"Le choc des titans" selon Booking

"Le choc des titans" selon Booking

Dans un document publié ce weekend, la direction des "affaires publiques" de Booking pour l'Europe dresse l'éloge des petites et moyennes entreprises du tourisme qu'elle qualifie de "véritables titans" compte tenu de leur importance numérique dans l'écosystème du Vieux Continent. Après une lecture attentive du rapport, il est cependant évident que ce qui s'y lit entre les lignes est tout aussi important que le reste ...

On le sait, en Europe particuluièrement, l'économie est portée par les petites entreprises (moins de 250 salariés et moins de 50 Millions d'euros de CA, tout de même). Dans le tourisme - qui crée près de 10% de la richesse annuelle du Vieux Continent - les TPEs et PMEs pèsent même 99,8% de l'ensemble ! C'est dire si, pour un opérateur qui veut se frayer un business dans ce milieu, savoir compter sur les TPEs et PMEs est une première étape incontournable. Et c'est manifestement le cas pour Booking qui, avec son dernier rapport, chante une ode remarquable aux small business.

À lire de près ce document produit en partenariat avec Statista, pour Booking, hors des TPEs et PMEs (des hébergeurs indépendants aux professionnels des loisirs), point de salut ! D'autant plus que ses principaux défis sont de ne pas voir se reproduire en Europe les modèles américains essentiellement basés sur des chaînes d'hôtels et donc, des hébergeurs de moins en moins indépendants. En effet, les grandes chaînes américaines (qui regroupent des dizaines, voire des centaines d'enseignes différentes) jouent de leur taille croissante pour affirmer une part toujours plus importante d'indépendance à l'égard des OTAs. À l'aide de coûteux programmes de fidélité, par exemple, elles multiplient les actios marketing pour capter la plus large part de clients en direct avec, pour objectif, de ne plus dépendre majoritairement des OTAs à l'horizon 2030 !
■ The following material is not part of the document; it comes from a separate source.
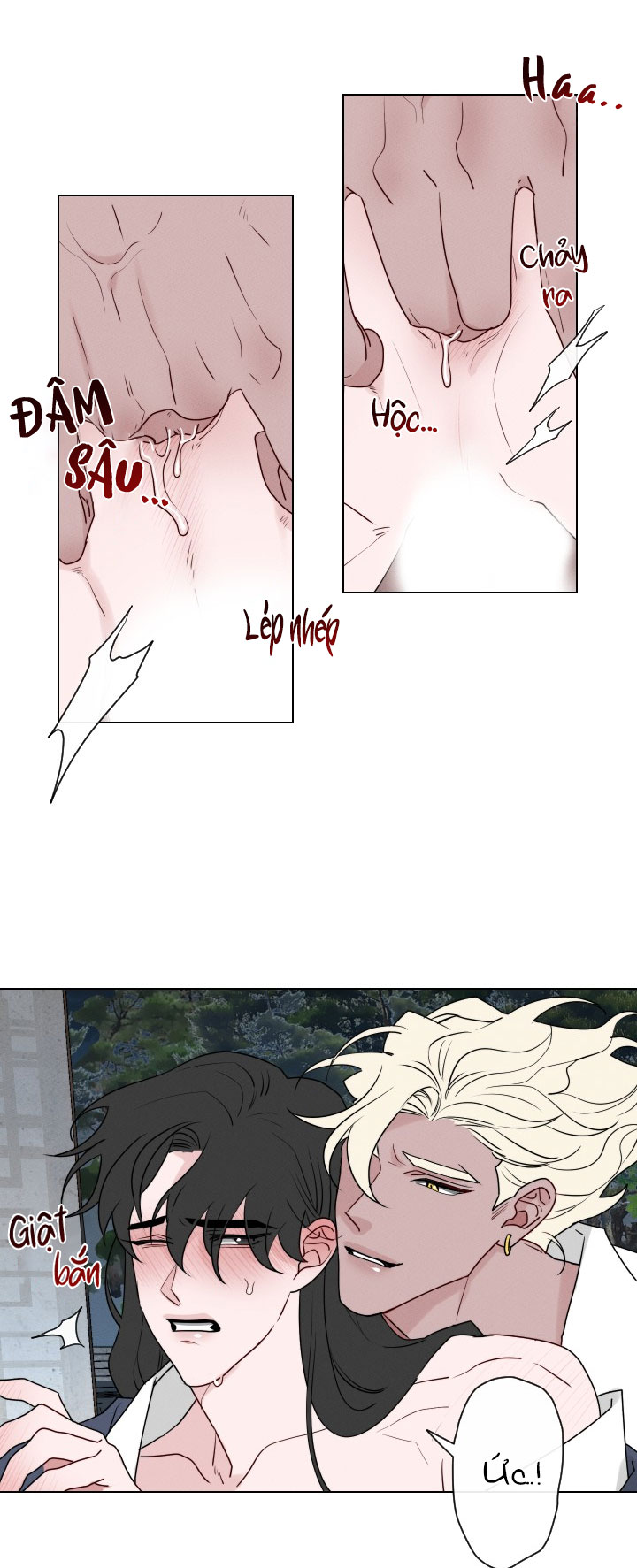 sinsujeon chapter 39 13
De l'autre côté de l'Atlantique, la structure de l'industrie hôtelière (et donc, son destin) est totalement l'opposée de celle que nous connaissons en France et dans le reste de l'Europe: une majorité d'hôtels "sous bannière" et une minorité d'hôtels indépendants. Sur nos terres européennes, c'est tout l'inverse et c'est ainsi que beaucoup aimeraient que cela reste; Booking en tête ...

Des OTAs bénéfiques ?

Dans son rapport, Booking prend donc le contrepied de la réalité que vit sa maison-mère (Priceline) aux Etats-Unis. Son angle d'attaque ? "Small is beautiful !" et "Vive l'indépendance !". Surtout lorsqu'elle se conjugue avec un rapport gagnant-gagnant avec les OTAs.

Selon ce document, par exemple: "80 % des hôtels indépendants interrogés en 2021 par la Commission européenne ont signalé une augmentation des réservations après avoir rejoint des agences de voyages en ligne".
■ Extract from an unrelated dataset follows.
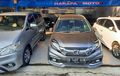 Daftar Harga Mobil Bekas di Showroom Sinar Harapan Motor, Ada Sertifikasi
Autre flêche décochée dans le rapport pour démontrer que les hôtels n'ont finalement pas si besoin de rester affiliés à une chaîne : "Le déclin de la valeur de l'affiliation à une chaîne est le plus notable parmi les établissements bon marché (...)" (que Booking appelle les "premiums"). Et de démontrer qu'avec l'émergence des OTAs et celle des avis clients, ces derniers ont eu plus d'impact sur la reconnaissance de telle ou telle adresse par le public que le fait de se rattacher à une marque en particulier.

Source : Booking 2025

Pour Booking, grâce à "ce mécanisme d'instauration de la confiance et de signalisation de la qualité", les OTAs permettent aux hébergements indépendants de bénéficier d'une "proposition de valeur fondamentale (...) et d'une synergie évidente dans l'ensemble de l'écosystème. L'amélioration de la qualité de l'information, associée à une plus grande transparence et accessibilité, crée un triple avantage pour les voyageurs, les hébergements et les plateformes, qui sont mieux à même de faire correspondre l'offre à la demande".

En clair, pour Booking, les avis clients valent désormais plus - aux yeux des clients - que les classements hôteliers "traditionnels" et leurs étoiles.
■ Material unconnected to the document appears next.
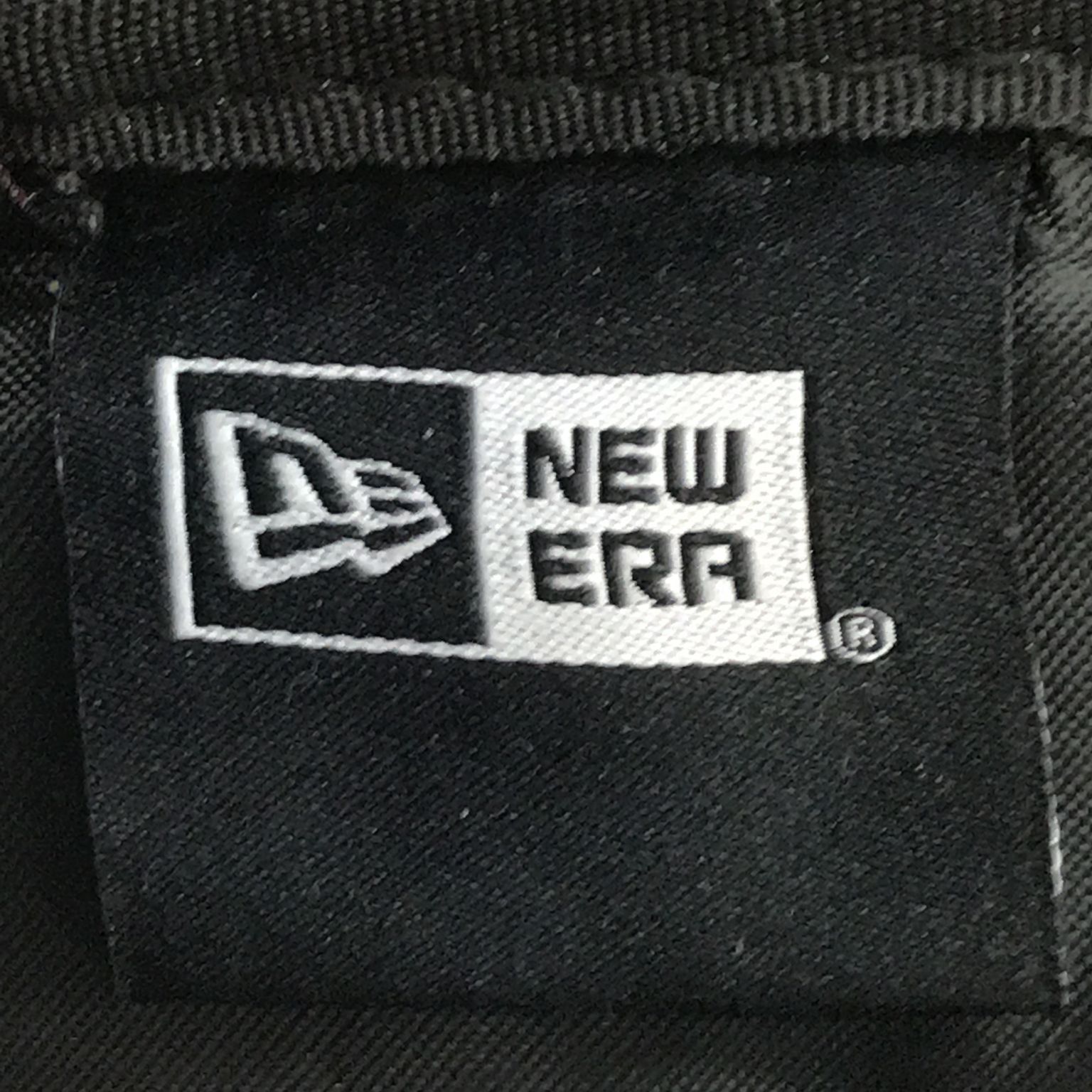 New Era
Autre argument (plus politique, celui-là ...), selon le rapport de Booking, les OTAs auraient permis l'émergence d'un plus grand nombre d'offres rurales en permettant aux propriétaires de rendre leur offre plus visible et plus rapidement sans l'aide de personne: "Si l'on considère le marché européen de l'hébergement dans son ensemble, on constate que pour chaque euro dépensé pour un séjour en milieu rural, plus de cinq sont dépensés dans les villes" affirme le rapport. Et d'étayer en ajoutant que "les avantages des plateformes numériques de voyage pour l'hébergement rural en Europe sont étayés par des données" précises que le cabinet Oxford Economics aurait dressées en 2019 - une année de référence pour les voyages. Selon Booking, citant ce rapport: "Plus d'une vente de plateforme sur trois concernait des hébergements dans des zones rurales. C'est plus du double de la part de 16 % des ventes dont bénéficient les hôtels ruraux sur l'ensemble du marché européen".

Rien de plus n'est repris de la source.